"I'd Like to Thank God (and the Academy)"
I realize last night's Academy Awards telecast often fell into the same cliched rythyms that countless others have. The swooning red carpet hosts. The pampered, millionare celebrities talking about their "craft." The light show of sequins and bow ties and all manner of glamor.
Fine. It's Hollywood. And as a movie lover (like so many of you), I actually enjoy ticking off my laser-jet-printed ballot at home to test my own instincts about the Academy's biggest day. And I actually enjoyed the Oscar broadcast. Ellen DeGeneres is a joy. Many of the films weren't just Academy fodder, but movies that the audience had seen and could take personally. There were few awkward moments. And the speeches were largely compelling for a change.
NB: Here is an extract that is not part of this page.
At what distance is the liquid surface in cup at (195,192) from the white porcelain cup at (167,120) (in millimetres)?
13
But when Matthew McConaughey received his (well deserved) Oscar and immediately thanked God, I had to once again lament that the celebration of movie magic was pushed aside in favor of actual magic. Matthew's speech began:
"First off I want to thank God, because he's the one I look up to, he's graced my life with opportunities which I know are not of my hand or any other human kind," the 44-year-old Texas native said. "He has shown me that it's a scientific fact that gratitude reciprocates. In the words of the late (British actor) Charlie Laughton, who said, 'When you got God you got a friend and that friend is you.'"
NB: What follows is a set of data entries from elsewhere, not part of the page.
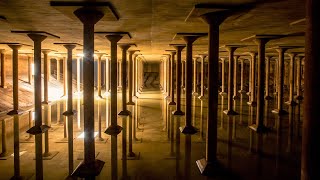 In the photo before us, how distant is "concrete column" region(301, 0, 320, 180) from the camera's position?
4.18m

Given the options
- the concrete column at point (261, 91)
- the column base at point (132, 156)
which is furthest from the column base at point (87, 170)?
the concrete column at point (261, 91)

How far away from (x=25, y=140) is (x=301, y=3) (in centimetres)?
1099

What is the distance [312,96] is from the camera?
14.0 feet

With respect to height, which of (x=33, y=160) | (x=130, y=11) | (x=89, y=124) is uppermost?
(x=130, y=11)

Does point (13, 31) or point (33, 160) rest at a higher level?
point (13, 31)

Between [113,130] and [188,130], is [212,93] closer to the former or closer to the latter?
[188,130]

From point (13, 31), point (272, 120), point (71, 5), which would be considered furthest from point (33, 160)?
point (272, 120)

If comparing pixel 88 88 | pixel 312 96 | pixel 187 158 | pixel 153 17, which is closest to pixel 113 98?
pixel 88 88

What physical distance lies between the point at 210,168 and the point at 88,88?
424 cm

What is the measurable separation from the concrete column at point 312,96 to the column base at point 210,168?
12.2ft

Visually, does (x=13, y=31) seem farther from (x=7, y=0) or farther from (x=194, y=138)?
(x=194, y=138)

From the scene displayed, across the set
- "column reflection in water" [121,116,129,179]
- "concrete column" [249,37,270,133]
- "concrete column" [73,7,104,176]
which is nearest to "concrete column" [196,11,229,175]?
"column reflection in water" [121,116,129,179]

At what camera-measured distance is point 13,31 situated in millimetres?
11680

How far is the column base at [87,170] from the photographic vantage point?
7.55 metres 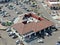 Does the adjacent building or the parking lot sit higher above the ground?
the adjacent building

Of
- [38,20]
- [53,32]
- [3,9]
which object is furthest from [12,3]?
[53,32]

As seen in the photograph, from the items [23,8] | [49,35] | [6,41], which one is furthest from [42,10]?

It's pretty apparent that McConaughey was actually working the humility angle, magnanimously deflecting praises away from himself, giving credit to a true Source of talent, will, opportunity and inspiration. He's a handsome, charismatic, corn-fed Texas boy who loves his momma and loves his god. And only a killjoy would rain on that parade...right?
Fine. I guess I'm a killjoy. (sigh)
Skeptics often moan audibly whenever a Hollywood celebrity invokes God. Why? Because while many of us are indeed romantics, we also deal in facts.
FACT #1: Matthew...you did all of the work. You lost 50 pounds to play the role, and you informed that role with decades of experience, honed talent and commitment.
FACT #2: Placing your invisible friend at the top of the "thank you" list, above the director, co-stars, screenwriter, producer, crew, composer, financiers and even the catering staff, you've marginalized the hard work done by human hands which actually made your Oscar trophy possible.
FACT #3: As you're a Texas boy, I'm guessing you're invoking the Christian god? (It would stand to reason that they're not worshiping Xenu in Uvalde, Texas.) As you have accepted the Oscar for playing a man who befriended a transgender woman, perhaps a fresh examination of the bible and its ideas about sexuality is in order. It ain't pretty.
FACT #4: On the day of your acceptance speech, 30,000 human beings starved to death across the planet. People were shot in home burglaries, kidnapped by thugs, physically and emotionally devastated by rapists. Children died horribly of lukemia. Loved ones received news that their mothers, fathers, siblings and closest friends were killed in accidents. Natural disasters wiped out cities, communities, homes, families, precious lives. So the assertion that God above ignored the needs of the genuinely needy and the cries of the afflicted so that he could focus his power on making you pretty and talented? That isn't humble. In fact, upon examination, the mere notion is offensive to our deepest integrity.
It's unpopular to make statements like these, because we as a culture have been conditioned to see all deflections toward God as a sign of graciousness and deference. Thanking God is often our way of saying, "No no no...please don't fawn over me. I couldn't possibly deserve all of this attention. My power comes from a source much bigger and better than me. You're very kind. Thanks, anyway." And I'm guessing Matthew McConaughey, a product of the bible belt, was probably operating from that same position.
But it has to be said that the whole thing just doesn't wash. Any deity who would focus on the good looks, bank accounts and celebrity of bow-tied, sequin-gowned movie stars while remaining invisible, inaudible and intangible to the rest of humanity either has a serious problem with priorities or is the universe's biggest deadbeat parent. Either way, we aren't dealing with an entity that deserves respect, allegiance or praise.
To Matthew McConaughey, I remain a fan, and I congratulate you on your award and achivements. I simply insist that those achievements belong to you and those who supported you, and not to The Great Wizard Who Loves Movie Stars.
And now that you've restored those 50 pounds you lost for the film role, perhaps it's time to lose the superstitious baggage you carried with you out of Texas. Trust me...you won't miss the extra weight.